Selective Prediction and Review Budgets¶

What This Is¶

Selective prediction means the model does not need to decide every case automatically. It can accept high-confidence cases, defer borderline cases to review, and abstain when the score is too weak to trust.

This is a policy problem as much as a modeling problem. The real question is not only "How accurate is the model?" but also "How much can we safely automate before the error rate or review load becomes unacceptable?"

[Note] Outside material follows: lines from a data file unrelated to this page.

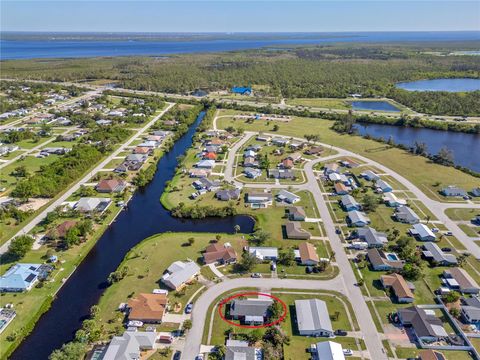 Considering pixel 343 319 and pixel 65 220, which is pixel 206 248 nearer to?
pixel 343 319

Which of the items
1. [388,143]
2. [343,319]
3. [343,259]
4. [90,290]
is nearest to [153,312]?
[90,290]

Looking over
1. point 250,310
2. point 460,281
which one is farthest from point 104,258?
point 460,281

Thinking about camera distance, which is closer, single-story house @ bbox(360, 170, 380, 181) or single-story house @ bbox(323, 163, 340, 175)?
single-story house @ bbox(360, 170, 380, 181)

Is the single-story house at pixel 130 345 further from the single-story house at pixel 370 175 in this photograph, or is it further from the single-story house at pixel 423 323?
the single-story house at pixel 370 175

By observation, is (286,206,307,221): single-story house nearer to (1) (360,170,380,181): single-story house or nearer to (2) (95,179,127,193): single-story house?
(1) (360,170,380,181): single-story house

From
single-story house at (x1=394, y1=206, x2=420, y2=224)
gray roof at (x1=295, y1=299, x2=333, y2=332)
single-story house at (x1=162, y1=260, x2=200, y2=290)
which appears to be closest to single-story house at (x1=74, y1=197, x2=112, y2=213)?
single-story house at (x1=162, y1=260, x2=200, y2=290)

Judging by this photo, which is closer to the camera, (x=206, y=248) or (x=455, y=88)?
Result: (x=206, y=248)

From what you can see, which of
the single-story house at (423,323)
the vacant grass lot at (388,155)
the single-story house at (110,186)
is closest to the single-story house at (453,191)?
the vacant grass lot at (388,155) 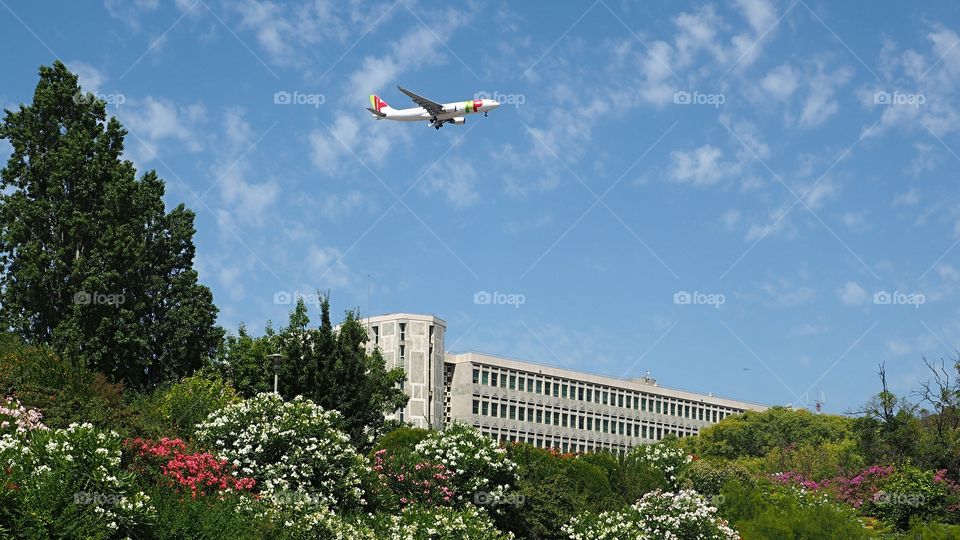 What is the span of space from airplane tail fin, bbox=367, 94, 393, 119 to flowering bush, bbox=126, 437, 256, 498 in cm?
4490

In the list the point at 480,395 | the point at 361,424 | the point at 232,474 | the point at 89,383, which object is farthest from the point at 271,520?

Use this page when the main decision is the abstain or review band. If the real question is “which top part of the queue fits inside a fixed budget,” start with Imbalanced Metrics and Review Budgets first.

When You Use It¶

human-in-the-loop workflows
limited reviewer capacity
high-cost mistakes where abstention is allowed
queues where only the top-ranked cases should be reviewed first

Core Signals¶

predict_proba gives a probability-like score for thresholding.
decision_function gives a raw confidence score when probabilities are unavailable.
precision_recall_curve shows the tradeoff between catching positives and keeping precision high.
average_precision_score summarizes ranking quality when positives are rare.
a threshold sweep table built from confusion_matrix helps compare many cutoffs without hand-writing every confusion table.
calibration_curve checks whether the scores behave like probabilities or only like rankings.
CalibratedClassifierCV helps when the scores are useful but poorly calibrated.
TunedThresholdClassifierCV helps when you want the threshold chosen by cross-validation instead of by guesswork.
balanced_accuracy_score is a useful sanity check when the classes are imbalanced.

Tooling¶

predict_proba
decision_function
precision_recall_curve
average_precision_score
confusion_matrix
calibration_curve
CalibratedClassifierCV
TunedThresholdClassifierCV
balanced_accuracy_score
pd.DataFrame
DataFrame.assign
DataFrame.groupby
DataFrame.agg
DataFrame.quantile
pd.cut
np.linspace
np.quantile
np.clip

Getting Scores¶

scores = clf.predict_proba(X_valid)[:, 1]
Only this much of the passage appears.